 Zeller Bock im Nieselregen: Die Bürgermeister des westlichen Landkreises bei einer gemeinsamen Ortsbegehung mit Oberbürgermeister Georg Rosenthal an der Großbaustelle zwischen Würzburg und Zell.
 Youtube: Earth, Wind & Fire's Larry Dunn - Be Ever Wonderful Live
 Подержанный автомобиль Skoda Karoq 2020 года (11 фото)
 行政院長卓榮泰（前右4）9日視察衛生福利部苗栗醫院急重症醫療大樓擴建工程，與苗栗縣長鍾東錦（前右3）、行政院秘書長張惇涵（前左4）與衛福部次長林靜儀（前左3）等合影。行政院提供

* * *

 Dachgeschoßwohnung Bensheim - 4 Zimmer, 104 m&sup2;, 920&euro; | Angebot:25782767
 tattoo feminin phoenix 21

● **Work request**:
Write down exactly the span of lines above from the one containing "Zeller Bock im" to the one containing "行政院長卓榮泰（前右4）9日", both ends included.

● **Output**:
 Zeller Bock im Nieselregen: Die Bürgermeister des westlichen Landkreises bei einer gemeinsamen Ortsbegehung mit Oberbürgermeister Georg Rosenthal an der Großbaustelle zwischen Würzburg und Zell.
 Youtube: Earth, Wind & Fire's Larry Dunn - Be Ever Wonderful Live
 Подержанный автомобиль Skoda Karoq 2020 года (11 фото)
 行政院長卓榮泰（前右4）9日視察衛生福利部苗栗醫院急重症醫療大樓擴建工程，與苗栗縣長鍾東錦（前右3）、行政院秘書長張惇涵（前左4）與衛福部次長林靜儀（前左3）等合影。行政院提供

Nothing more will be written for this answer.